Congruence equation with polynomials So, I tried solving $x^{12} \equiv 37 \mod 41$. I tried to use indices technique (not sure if everyone is familiar with that) but ended up 3 solutions short (there are 4 solutions) and calculations were tedious, to say at least.
Could anyone provide a method for solving congruences like this one, possibly using same technique or something elementary?
Thank you very much!
 A: Fill in details: doing arithmetic modulo $\;41\;$ all along, we get:
$$x^{12}=37=-4\implies x^{12}+4=0\implies (x^6-2i)(x^6+2i)=0$$
with $\;i^2=-1\;$ , which we know it exists (why and what number is square root of $\;-1\;$ here?)
Now, for example:
$$0=x^6+18=(x^3-3\sqrt2\,i)(x+3\sqrt2\,i)$$
and we also should (or could) know that $\;2\;$ is a quadratic residue since $\;41=\pm1\pmod8\;$ ...

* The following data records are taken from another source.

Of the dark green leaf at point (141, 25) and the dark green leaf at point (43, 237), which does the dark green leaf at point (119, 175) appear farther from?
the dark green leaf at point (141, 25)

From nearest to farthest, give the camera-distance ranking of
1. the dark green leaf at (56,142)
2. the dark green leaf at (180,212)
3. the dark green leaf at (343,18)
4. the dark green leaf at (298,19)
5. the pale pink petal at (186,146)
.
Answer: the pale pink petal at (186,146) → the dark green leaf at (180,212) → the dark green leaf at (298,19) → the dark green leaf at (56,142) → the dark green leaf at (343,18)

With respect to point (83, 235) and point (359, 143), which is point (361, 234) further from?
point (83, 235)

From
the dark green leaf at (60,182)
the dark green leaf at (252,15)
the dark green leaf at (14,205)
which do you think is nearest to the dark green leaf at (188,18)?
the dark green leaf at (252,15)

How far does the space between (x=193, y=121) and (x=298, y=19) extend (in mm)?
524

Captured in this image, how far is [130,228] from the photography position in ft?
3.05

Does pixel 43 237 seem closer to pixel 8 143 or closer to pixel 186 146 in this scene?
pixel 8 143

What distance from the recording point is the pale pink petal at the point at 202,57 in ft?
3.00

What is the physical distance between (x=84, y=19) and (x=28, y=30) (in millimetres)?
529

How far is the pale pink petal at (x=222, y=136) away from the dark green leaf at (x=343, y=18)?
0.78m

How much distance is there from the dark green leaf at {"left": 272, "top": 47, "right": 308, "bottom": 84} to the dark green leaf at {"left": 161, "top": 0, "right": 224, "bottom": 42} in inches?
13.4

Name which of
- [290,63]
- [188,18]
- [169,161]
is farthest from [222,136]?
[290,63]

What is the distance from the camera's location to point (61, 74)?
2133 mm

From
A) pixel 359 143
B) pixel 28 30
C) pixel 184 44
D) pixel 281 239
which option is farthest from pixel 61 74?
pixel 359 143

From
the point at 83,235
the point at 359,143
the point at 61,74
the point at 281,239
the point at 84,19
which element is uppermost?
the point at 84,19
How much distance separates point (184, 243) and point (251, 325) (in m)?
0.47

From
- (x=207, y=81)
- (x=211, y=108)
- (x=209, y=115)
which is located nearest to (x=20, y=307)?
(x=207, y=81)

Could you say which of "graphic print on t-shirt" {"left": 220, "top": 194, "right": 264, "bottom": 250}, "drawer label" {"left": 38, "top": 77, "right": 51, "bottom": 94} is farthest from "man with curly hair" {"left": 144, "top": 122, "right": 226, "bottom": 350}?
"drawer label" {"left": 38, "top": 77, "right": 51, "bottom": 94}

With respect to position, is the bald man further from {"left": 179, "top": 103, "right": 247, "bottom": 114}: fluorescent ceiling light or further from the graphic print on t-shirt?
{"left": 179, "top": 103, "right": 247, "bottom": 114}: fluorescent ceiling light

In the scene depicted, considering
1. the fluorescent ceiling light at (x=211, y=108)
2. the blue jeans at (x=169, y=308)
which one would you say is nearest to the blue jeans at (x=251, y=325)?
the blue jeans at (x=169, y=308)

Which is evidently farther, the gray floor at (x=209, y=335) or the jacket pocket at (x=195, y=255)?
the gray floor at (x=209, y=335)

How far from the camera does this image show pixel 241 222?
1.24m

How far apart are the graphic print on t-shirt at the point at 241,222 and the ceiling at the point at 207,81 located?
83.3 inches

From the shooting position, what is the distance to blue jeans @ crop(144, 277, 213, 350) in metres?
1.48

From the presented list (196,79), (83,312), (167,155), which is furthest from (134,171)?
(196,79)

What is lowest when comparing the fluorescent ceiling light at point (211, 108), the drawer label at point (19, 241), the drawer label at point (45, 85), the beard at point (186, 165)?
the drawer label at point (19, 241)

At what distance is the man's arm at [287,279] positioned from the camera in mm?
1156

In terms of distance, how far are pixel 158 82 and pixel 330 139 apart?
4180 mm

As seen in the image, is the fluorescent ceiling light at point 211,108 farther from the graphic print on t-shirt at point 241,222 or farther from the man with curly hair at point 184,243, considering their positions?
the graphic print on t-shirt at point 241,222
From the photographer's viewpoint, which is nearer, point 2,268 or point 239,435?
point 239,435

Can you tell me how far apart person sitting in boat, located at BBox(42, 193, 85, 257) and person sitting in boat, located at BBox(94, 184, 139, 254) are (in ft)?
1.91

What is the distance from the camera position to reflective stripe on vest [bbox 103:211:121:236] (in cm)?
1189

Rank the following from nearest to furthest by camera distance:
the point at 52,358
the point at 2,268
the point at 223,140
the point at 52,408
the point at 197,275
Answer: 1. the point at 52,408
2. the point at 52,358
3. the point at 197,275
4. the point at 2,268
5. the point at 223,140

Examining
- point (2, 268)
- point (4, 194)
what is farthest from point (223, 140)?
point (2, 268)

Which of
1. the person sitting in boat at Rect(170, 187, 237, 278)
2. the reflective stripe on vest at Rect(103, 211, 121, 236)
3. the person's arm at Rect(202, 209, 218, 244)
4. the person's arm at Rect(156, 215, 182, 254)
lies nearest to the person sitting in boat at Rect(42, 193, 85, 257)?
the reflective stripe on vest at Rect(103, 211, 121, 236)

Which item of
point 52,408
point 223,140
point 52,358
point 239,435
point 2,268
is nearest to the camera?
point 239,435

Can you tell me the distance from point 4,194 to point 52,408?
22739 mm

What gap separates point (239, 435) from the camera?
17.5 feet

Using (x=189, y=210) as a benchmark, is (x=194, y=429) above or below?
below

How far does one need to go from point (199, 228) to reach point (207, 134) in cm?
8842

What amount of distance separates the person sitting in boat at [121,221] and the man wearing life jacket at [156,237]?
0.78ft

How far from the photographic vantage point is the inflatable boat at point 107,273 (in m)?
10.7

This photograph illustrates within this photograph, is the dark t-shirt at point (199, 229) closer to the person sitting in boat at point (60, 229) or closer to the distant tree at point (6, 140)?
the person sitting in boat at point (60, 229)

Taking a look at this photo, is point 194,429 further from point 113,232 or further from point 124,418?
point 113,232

Try now to take it from here...and I've no idea what the indices technique is and  couldn't find it in google.
A: We would like to find a primitive gernerator for $\mathbb{Z}_{41}$ ... so lets try $2$ ...$2,4,8,16,32,23,5,10,20,40$. Now $40 \equiv -1 \mod 41$ so $2^{20}=1$ ... carrying on a bit ...
$39,\color{red}{37},33,25,9,18,36,31,21,1$. So it turns out that $x=2$ is a solution.
To find the other three solutions we shall use  $2^{20}=1$
\begin{eqnarray*}
37 \equiv 2^{12} \equiv 2^{12+3 \times 20} \equiv 2^{72} \equiv (2^{6})^{12} \equiv 23^{12} \mod 41 \\
37 \equiv 2^{12} \equiv 2^{12+6 \times 20} \equiv 2^{132} \equiv (2^{11})^{12} \equiv 39^{12} \mod 41 \\
37 \equiv 2^{12} \equiv 2^{12+9 \times 20} \equiv 2^{192} \equiv (2^{16})^{12} \equiv 18^{12} \mod 41 
\end{eqnarray*}
So the four solutions are $x=\color{red}{2,23,39,18}$.